UNITED STATES DISTRICT COURT FOR THE EASTERN DISTRICT OF PENNSYLVANIA


December 27, 1984

ATLANTA INTERNATIONAL INSURANCE CO.
v.
THE SCHOOL DISTRICT OF PHILADELPHIA

The opinion of the court was delivered by: LUONGO

LUONGO, Ch.J.

 In May of 1980, two teachers employed by the School District of Philadelphia planned and supervised a weekend trip from Philadelphia to Richmond, Virginia. Loren Davis, a junior high school pupil who went on the trip, drowned during the course of the weekend. His parents subsequently brought two wrongful death and survival actions in the Court of Common Pleas of Philadelphia County. The School District of Philadelphia was ultimately made a defendant in both actions on the basis of allegations that Loren's death was caused by the negligence of School District employees acting within the scope of their employment. *fn1" The School District joined the teachers as additional defendants, alleging that they had acted outside the scope of their employment in organizing the trip. The state court, dealing with the two actions together, has held that the claims against the School District are barred by the doctrine of governmental immunity. Davis v. Holiday Inns, Inc., No. 3075 (C.P. Philadelphia County Feb. 2, 1984). The lawsuits, however, are still pending against the remaining defendants, including the teachers.

 Plaintiff in this action is an insurance company which, pursuant to its contract with the Philadelphia Federation of Teachers, defended the teachers in the state court actions. Plaintiff alleges that the School District was obligated by statute to provide for the teachers' defense. Thus, since plaintiff's insurance contract requires it to defend its insured only if they are not entitled by law to defense or indemnification from another source, plaintiff seeks reimbursement from the School District for the costs of defending the teachers.

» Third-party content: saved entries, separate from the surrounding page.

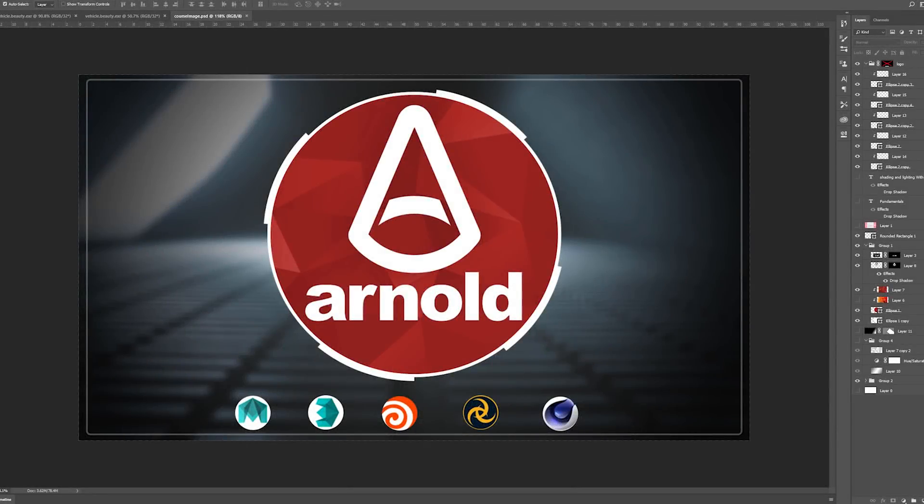Hello everyone and welcome back to my channel. I am very excited to announce my first published course on Udemy which is about Arnold and learning lighting and shading fundamentals.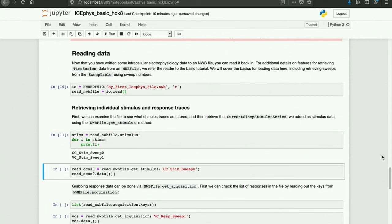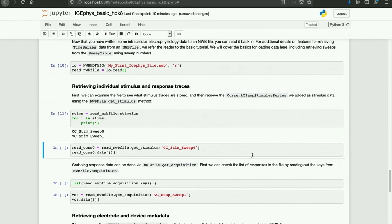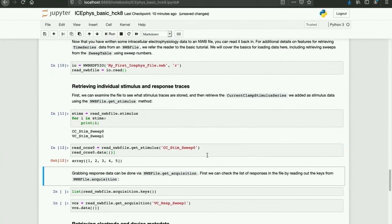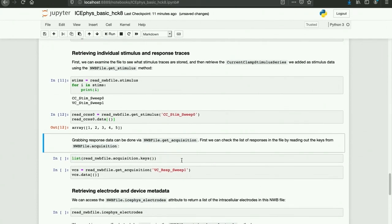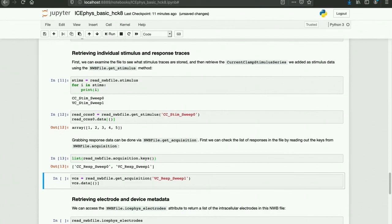There is a list of the available stimulus sweeps, and there is the data from current clamp stimulus sweep zero that we had loaded in. Grabbing response data can be done via the method NWBFile.getAcquisition. We can check the list of available responses in the file using NWBFile.acquisition, and then we can take the name of one of the traces to read that response trace back in and look at the data.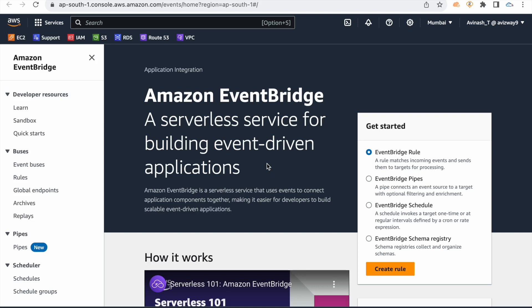Hi everyone. Welcome to my YouTube channel. My name is Avinash. And in this video, we will discuss what Amazon EventBridge is.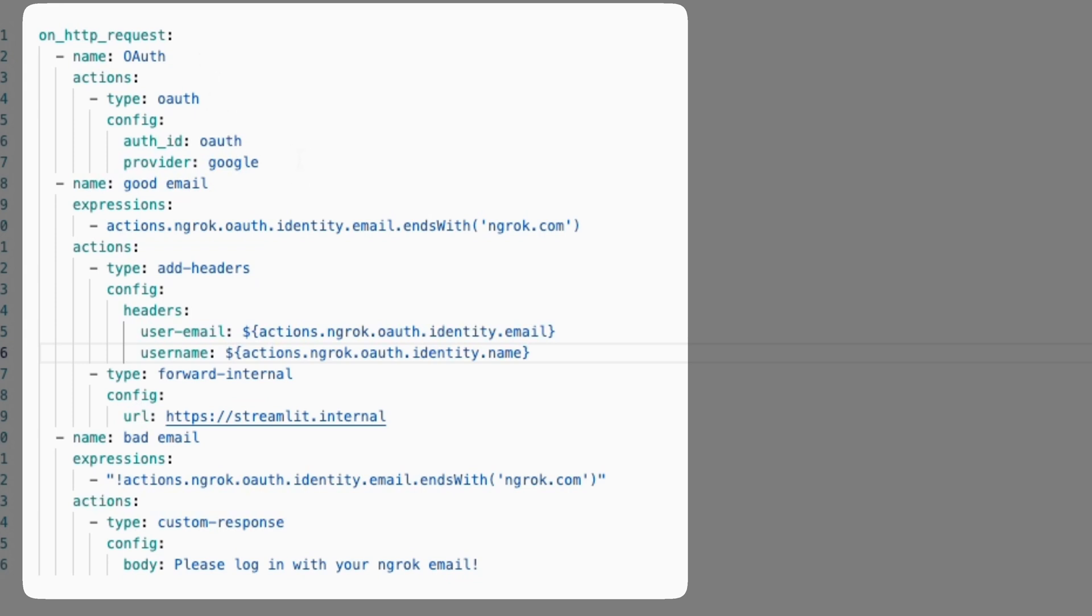And what we've done here is we've used one of Endrock's managed providers, in this case Google, in order to supply the authentication flow for this traffic policy.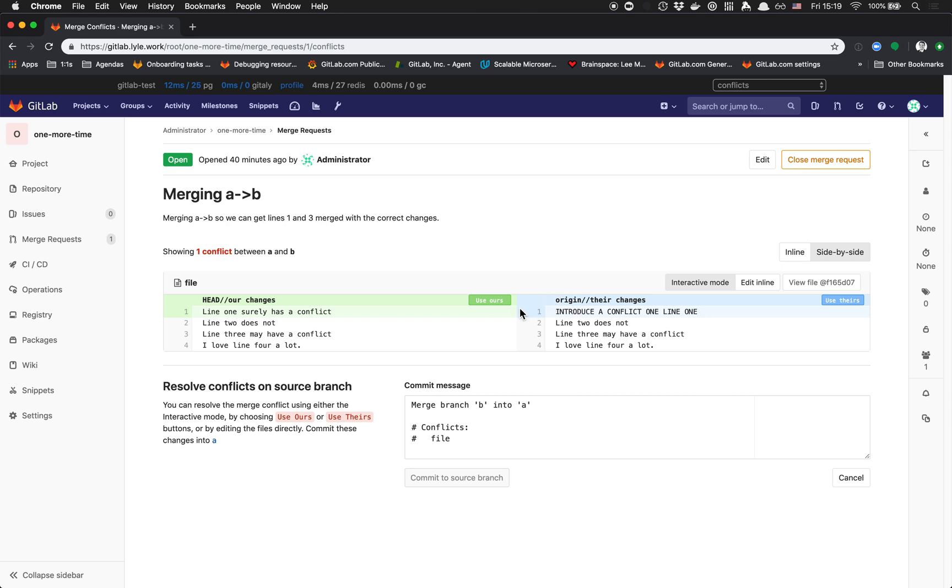The thing about resolving conflicts is that before we merge our source branch A into destination branch B, we have to pick up those conflicts in our source branch, or pick up the resolution of those conflicts, so we get a clean merge.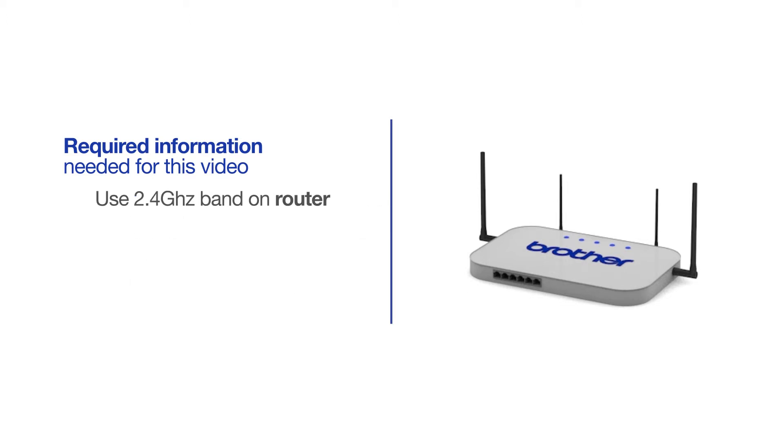If you're using a dual-band router, make sure your Chromebook is connected to the 2.4GHz band. If you're connected to the 5GHz band, the Brother printer will not be discovered. Follow the link on the screen for more information about your Brother device and dual-band routers.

The parties have filed cross-motions for summary judgment, which they agree should be treated as motions for a declaratory judgment, on the issue of whether the School District was obligated to pay for the teachers' defense when it joined them as additional defendants in the state suits.

 The School District's responsibilities to employees who are sued are set forth in the Political Subdivision Tort Claims Act. *fn2" The statute provides in relevant part:

 

(a) Mandatory provision of legal assistance generally. - When an action is brought against an employee of a political subdivision for damages on account of an injury to a person or property, and it is alleged that the act or omission of the employee which gave rise to the claim was within the scope of the office or duties of the employee, the political subdivision shall, upon the written request of the employee, defend the action, unless or until there is a judicial determination that such act or omission was not within the scope of the office or duties of the employee.

 

(b) Optional provision of legal assistance generally. - When an action is brought against an employee of a political subdivision for damages on account of an injury to a person or property, and it is not alleged that the act or omission of the employee which gave rise to the claim was within the scope of his office or duties, the political subdivision may, upon the written request of the employee, defend the action, and such undertaking to defend thereafter may be withdrawn only with the approval of the court. If the political subdivision has refused a written request to defend the action, and it is judicially determined that the act or omission was, or that the employee in good faith reasonably believed that such act or omission was, within the scope of the office or duties of the employee and did not constitute a crime, actual fraud, actual malice or willful misconduct, the political subdivision shall reimburse the employee for the cost of his legal defense in such amounts as shall be determined to be reasonable by the court.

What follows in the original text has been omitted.